33 Pengetahuan tentang peta-peta lama (topografi dan toponimi) sering dilupakan dalam kegiatan penelitian dan penulisan yang bersangkut pun dengan letak, situasi, dan kondisi serta sejarah terjadinya sesuatu tempat, daerah, kota, atau negara tertentu bahkan sejarah pemberian nama orang sejak dahulu hingga sekarang. Penemuan atau penentuan peta lama akan sangat bermanfaat sebagai alat penerang bagi masalah atau peristiwa-peristiwa yang pernah terjadi di dalam kehidupan manusia di sesuatu tempat tertentu. Untuk menandai sesuatu, maka orang memberi tanda yang mengandung ciri-ciri dan atau sifat-sifat dari sesuatu itu. Tanda ini biasa disebut nama. Manusia, hewan, tumbuhan, sesuatu tempat desa, kota, negara diberi nama. Bahkan bangunan pun diberi nama sebagai tanda pengenal berdasarkan ciri-ciri dan kondisi letaknya serta fungsinya. Sebagai contoh Desa Pereng diberikan nama tersebut karena letak tempat itu di lereng bukit, gunung atau di bawah jurang. Sama juga dengan nama Jurang Jero, Prapatan, Bukit Barisan, Gunung Merapi, Sala, dan sebagainya. Lain lagi nama Pringgalayan, Kusmadilagan, Purwapuran, Reksaniten, Wiragunan, Wirapaten, Yasadipuran dan sejenisnya untuk menunjukkan tokoh penting yang bertempat tinggal di kampung tersebut. Atau Mertalulutan, Saragenen, Gandekan, Miji Pinilihan untuk menunjukkan tempat sekelompok abdi dalem bertempat tinggal di situ.
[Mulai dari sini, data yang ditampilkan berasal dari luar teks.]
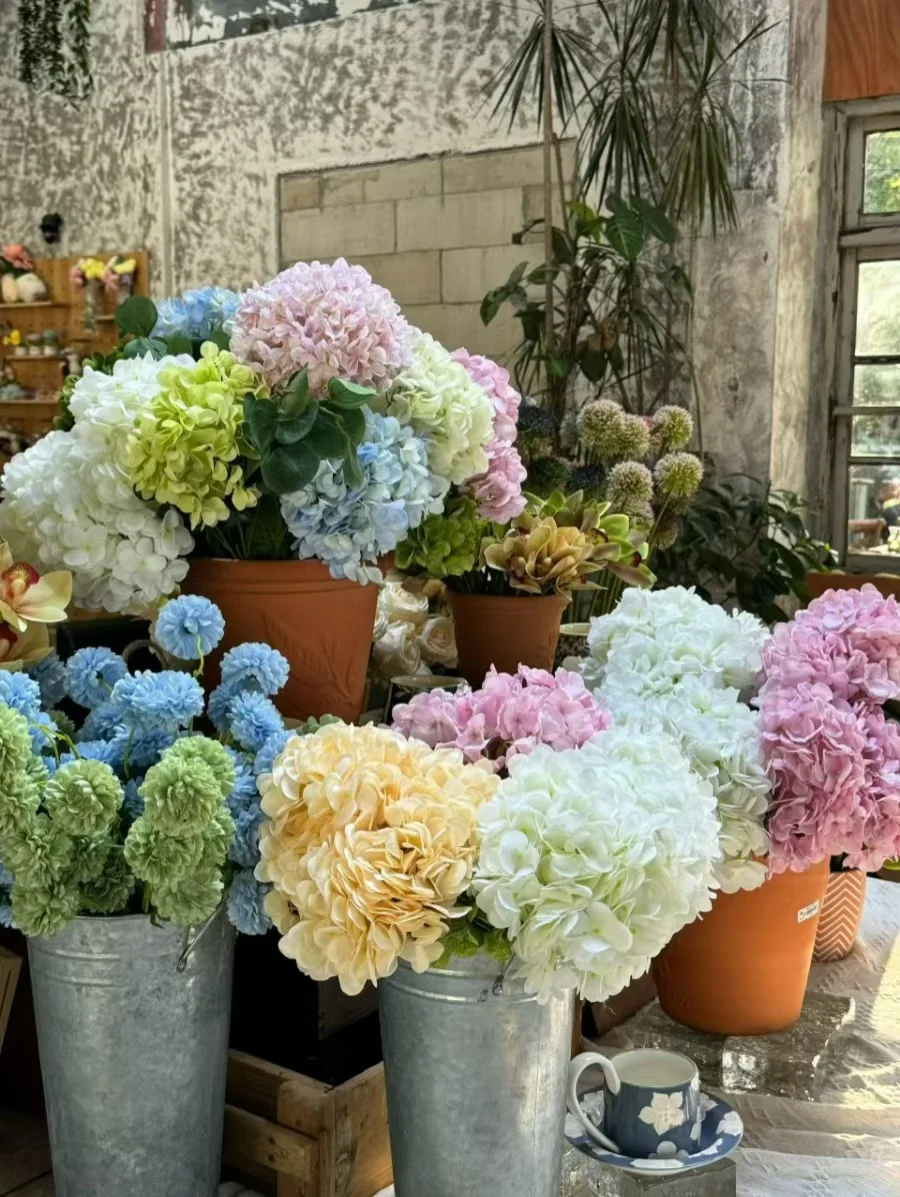 这一眼就沦陷了！👀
Pembahasan terhadap tradisi pemberian nama dan pemetaan tempat-tempat dan letak bangunan akan menyangkut usaha untuk menemukan gejala-gejala masa lampau yang berproses menjadi hasil karya dalam bidang budaya masyarakat, terutama masyarakat orang Jawa khususnya di Kota Surakarta (Tim Peneliti Dinas Kebudayaan dan Pariwisata Kota Surakarta, 2012 : 16). C. Mata Pencaharian Penduduk di Kota Surakarta Masyarakat di Kota Surakarta memiliki mata pencaharian yang bermacammacam karena pengaruh dari lingkungan perkotaan. Mata pencaharian tersebut terdiri dari petani sendiri, pekerja tani, usahawan, pekerja industri, pekerja bangunan, angkutan, pensiunan (pesara), dan lain-lain. (https://santyaminah.wordpress.com/2011/04/06/peta-perekonomian-kota-solo/). Masyarakat Kota Surakarta sebagian besar memiliki mata pencaharian sebagai pegawai negeri, pegawai swasta, dan wirausahawan.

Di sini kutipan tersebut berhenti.